Lacrimogeni e idranti contro pietre. Poliziotti in tenuta antisommossa contro disperati costretti a contendersi perfino una bottiglia d’acqua ma proprio per questo decisi a tutto pur di lasciare l’isola di Lesbo.

La rivolta era nell’aria e non poteva essere altrimenti. Dopo la quarta notte passata dormendo all’aperto, senza potersi lavare e mangiando quello che hanno potuto rimediare grazie agli sforzi delle ong, i profughi dell’ex campo di Moria ieri si sono scontrati duramente con la polizia. Sui cartelli innalzati dai manifestanti le parole d’ordine che hanno scandito la protesta e che non avrebbero potuto essere più chiare: «Libertà» e «Vogliamo lasciare Moria». Il sogno di lasciarsi alle spalle l’isola diventata ormai una prigione – e per molti di coloro che ieri si sono scontrati con la polizia lo è ormai da anni – per essere trasferiti sulla terraferma.

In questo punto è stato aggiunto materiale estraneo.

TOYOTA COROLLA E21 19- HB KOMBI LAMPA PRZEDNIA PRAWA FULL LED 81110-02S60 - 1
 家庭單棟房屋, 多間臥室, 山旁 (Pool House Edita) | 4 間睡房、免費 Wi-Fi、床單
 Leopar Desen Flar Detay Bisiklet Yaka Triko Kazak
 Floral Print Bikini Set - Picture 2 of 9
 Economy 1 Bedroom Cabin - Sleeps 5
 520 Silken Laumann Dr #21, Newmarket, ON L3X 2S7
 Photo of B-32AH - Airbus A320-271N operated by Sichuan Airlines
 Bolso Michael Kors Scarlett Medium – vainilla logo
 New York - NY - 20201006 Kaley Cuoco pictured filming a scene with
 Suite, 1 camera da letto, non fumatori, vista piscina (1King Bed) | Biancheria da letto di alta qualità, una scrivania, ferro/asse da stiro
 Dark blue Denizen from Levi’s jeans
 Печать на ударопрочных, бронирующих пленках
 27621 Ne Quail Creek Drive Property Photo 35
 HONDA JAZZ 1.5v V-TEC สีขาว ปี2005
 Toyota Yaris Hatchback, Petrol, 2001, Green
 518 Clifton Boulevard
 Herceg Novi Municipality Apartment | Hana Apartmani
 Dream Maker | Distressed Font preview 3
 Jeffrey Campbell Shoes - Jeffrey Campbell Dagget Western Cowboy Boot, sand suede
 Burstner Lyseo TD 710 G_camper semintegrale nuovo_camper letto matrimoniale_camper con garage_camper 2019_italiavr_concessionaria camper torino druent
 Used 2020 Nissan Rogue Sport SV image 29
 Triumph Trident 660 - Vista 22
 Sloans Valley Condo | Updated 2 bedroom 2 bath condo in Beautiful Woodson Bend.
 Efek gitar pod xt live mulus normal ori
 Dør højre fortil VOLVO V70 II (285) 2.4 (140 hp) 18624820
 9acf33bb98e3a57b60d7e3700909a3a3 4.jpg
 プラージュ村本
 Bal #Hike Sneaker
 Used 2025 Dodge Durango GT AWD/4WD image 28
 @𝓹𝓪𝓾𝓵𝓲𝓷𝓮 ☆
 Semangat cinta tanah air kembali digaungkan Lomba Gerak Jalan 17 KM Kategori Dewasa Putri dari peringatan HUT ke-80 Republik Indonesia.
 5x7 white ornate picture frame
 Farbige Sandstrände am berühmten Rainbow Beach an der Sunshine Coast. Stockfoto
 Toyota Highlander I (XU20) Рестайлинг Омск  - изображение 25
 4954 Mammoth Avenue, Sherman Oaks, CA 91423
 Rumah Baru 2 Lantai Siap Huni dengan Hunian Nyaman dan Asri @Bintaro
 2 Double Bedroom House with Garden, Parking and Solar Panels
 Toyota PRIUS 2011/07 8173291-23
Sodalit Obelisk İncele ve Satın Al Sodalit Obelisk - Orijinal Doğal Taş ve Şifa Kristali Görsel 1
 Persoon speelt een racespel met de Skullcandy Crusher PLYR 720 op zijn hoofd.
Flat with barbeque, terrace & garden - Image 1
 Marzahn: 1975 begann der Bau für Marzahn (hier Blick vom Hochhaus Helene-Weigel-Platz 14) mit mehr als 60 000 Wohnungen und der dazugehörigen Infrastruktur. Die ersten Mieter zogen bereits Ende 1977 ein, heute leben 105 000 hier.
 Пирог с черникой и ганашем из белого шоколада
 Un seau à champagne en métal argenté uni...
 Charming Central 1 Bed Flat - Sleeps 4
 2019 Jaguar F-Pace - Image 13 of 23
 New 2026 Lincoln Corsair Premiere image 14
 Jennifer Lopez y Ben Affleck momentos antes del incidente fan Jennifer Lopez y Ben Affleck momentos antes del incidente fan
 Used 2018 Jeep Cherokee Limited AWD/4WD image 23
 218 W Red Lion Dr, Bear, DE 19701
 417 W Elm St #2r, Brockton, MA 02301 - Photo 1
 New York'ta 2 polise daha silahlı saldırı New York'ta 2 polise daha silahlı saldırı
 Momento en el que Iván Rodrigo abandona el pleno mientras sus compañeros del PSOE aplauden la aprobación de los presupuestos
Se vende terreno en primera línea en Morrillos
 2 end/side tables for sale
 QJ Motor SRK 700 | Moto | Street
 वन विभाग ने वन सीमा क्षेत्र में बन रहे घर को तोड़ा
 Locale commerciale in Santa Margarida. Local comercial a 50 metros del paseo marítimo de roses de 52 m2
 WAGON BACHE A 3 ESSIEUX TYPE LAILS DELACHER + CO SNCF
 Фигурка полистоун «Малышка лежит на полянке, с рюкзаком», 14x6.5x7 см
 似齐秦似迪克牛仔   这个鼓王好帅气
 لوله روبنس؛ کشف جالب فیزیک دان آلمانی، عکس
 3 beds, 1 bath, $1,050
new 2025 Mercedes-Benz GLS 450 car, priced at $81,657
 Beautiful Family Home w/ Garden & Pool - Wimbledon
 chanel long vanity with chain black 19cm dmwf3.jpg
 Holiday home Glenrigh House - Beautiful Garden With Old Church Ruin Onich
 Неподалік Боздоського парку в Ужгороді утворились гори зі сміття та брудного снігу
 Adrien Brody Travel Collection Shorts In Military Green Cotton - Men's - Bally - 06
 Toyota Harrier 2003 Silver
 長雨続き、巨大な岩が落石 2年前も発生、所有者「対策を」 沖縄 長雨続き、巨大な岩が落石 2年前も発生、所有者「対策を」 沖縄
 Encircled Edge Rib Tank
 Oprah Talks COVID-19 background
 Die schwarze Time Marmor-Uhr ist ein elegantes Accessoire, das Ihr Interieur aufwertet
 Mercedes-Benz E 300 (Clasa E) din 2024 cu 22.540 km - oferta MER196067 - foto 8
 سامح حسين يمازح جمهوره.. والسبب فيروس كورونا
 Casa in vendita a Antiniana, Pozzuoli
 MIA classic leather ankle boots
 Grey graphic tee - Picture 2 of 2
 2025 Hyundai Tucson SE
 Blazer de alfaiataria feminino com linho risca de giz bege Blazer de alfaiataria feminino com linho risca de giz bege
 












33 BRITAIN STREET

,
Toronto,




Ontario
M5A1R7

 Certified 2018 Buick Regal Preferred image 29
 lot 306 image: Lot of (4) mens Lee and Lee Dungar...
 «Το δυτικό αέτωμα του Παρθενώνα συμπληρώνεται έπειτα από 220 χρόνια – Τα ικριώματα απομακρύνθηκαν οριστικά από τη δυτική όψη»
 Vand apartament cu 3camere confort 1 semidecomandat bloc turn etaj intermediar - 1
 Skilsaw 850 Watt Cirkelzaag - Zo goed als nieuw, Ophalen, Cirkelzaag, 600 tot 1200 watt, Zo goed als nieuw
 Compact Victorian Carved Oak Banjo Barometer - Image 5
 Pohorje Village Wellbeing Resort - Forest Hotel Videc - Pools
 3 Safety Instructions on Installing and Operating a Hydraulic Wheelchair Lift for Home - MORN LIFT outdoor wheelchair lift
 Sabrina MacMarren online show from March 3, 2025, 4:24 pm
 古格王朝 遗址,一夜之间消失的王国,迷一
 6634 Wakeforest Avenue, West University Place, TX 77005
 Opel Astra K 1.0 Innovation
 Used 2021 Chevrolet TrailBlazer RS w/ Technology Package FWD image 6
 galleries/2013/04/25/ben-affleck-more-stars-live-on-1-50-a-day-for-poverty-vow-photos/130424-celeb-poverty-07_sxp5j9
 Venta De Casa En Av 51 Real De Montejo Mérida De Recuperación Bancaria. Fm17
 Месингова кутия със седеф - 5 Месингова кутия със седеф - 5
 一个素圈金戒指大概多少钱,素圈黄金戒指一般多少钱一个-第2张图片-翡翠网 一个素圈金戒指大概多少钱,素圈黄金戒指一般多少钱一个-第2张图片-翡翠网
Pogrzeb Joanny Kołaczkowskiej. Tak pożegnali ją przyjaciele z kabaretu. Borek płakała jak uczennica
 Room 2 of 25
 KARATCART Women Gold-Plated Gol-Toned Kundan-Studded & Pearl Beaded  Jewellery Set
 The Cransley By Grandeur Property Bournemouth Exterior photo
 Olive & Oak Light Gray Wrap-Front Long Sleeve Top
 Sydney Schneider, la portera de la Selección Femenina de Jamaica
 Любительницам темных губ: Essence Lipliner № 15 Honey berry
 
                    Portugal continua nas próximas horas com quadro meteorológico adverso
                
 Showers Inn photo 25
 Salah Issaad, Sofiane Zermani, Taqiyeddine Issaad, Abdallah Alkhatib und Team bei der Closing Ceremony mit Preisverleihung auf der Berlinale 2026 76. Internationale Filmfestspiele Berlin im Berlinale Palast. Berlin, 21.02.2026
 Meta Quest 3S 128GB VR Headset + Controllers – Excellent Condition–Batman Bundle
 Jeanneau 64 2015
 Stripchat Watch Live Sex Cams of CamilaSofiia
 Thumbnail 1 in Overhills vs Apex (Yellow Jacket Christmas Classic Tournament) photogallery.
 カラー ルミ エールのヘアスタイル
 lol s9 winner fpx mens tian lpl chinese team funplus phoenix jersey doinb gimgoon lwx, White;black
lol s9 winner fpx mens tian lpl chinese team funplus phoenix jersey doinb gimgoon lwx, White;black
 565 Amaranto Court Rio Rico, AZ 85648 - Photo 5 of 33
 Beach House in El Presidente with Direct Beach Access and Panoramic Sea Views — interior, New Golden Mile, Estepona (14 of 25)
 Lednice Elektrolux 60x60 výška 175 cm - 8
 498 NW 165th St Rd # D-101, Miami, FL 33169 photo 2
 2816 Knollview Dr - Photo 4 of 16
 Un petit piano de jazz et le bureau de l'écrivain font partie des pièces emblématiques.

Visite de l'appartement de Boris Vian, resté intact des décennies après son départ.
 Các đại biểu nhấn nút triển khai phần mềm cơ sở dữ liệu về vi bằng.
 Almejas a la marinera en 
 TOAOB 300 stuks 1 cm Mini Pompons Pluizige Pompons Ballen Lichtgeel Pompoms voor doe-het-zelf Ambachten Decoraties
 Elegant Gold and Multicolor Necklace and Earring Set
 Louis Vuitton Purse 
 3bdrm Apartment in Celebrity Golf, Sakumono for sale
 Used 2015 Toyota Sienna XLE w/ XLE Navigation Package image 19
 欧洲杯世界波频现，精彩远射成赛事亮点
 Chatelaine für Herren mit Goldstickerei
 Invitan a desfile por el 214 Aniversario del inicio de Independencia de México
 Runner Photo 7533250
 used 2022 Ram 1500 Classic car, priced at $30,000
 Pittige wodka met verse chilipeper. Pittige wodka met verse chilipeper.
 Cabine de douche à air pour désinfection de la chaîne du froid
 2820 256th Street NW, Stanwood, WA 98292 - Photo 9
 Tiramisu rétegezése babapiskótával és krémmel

La stessa richiesta – il trasferimento dei profughi sulla terraferma – avanzata anche dal segretario generale dell’Onu Antonio Guterres. E’ chiedere troppo? Sì per il governo di Atene, deciso a non cedere a quella che è solo una necessità dei profughi ma incapace di gestire la mole di richieste di asilo così come non è stato capace di approntare un piano per fronteggiare l’emergenza coronavirus nei campi. Unica soluzione proposta: il prolungamento all’infinito del lockdown accompagnato da una forte limitazione della possibilità per i profughi di muoversi. Da qui la voglia di libertà dei manifestanti.

Ieri intanto sono cominciati i lavori per realizzare il nuovo campo profughi che sorgerà in un’area recintata non distante dal porto. Atene aveva promesso che Moria non sarebbe stata riaperta, ma nonostante nei giorni scorsi l’Unione europea abbia promesso finanziamenti per evitare che il nuovo campo si trasformi in un altro inferno per migliaia di uomini, donne e bambini, nulla garantisce che possano ripetersi gli errori visti in passato.

Con più di undicimila persone in strada, tra le quali migliaia di bambini, per adesso verranno allestiti soli tremila posti. «Sarà data priorità alle famiglie, con tende per sei persone. Il processo di ricollocazione comincia oggi», ha assicurato un portavoce del ministero dell’Immigrazione.

Unica nota positiva è l’apertura fatta dai dieci Paesi che hanno accettato di farsi carico dei 400 minori non accompagnati che si trovavano a Moria. I bambini verranno trasferiti in Francia, Germania, Olanda, Belgio, Finlandia Lussemburgo, Slovenia, Croazia, Portogallo e Svizzera (che non fa parte dell’Ue). Un primo passo importante, ma del tutto insufficiente a far fronte all’emergenza. Che l’Unione europea dovrebbe fare di più lo ha detto anche Olaf Scholz, vicecancelliere e ministro della Finanze tedesco, per il quale la disponibilità ad accogliere profughi dalla Grecia arrivata finora dagli Stati membri «non è all’altezza delle necessità». Germania inclusa, che secondo Scholz «deve dichiarasi pronta ad accogliere più richiedenti asilo da Lesbo».

Il primo a rispondere è stato il cancelliere austriaco Sebastian Kurz, con parole che però vanno in tutt’altra direzione rispetto a quella auspicata da Scholz: l’Austria non accoglierà gli sfollati di Moria, ha detto infatti il leader del Partito Popolare. «Rischiamo di commettere gli stessi errori fatti nel 2015», ha spiegato. Una posizione in contrasto da quella espressa dai verdi, suoi partner di governo, ma che invece rischia di diventare la linea lungo la quale si attesterà la maggior parte degli Stati membri.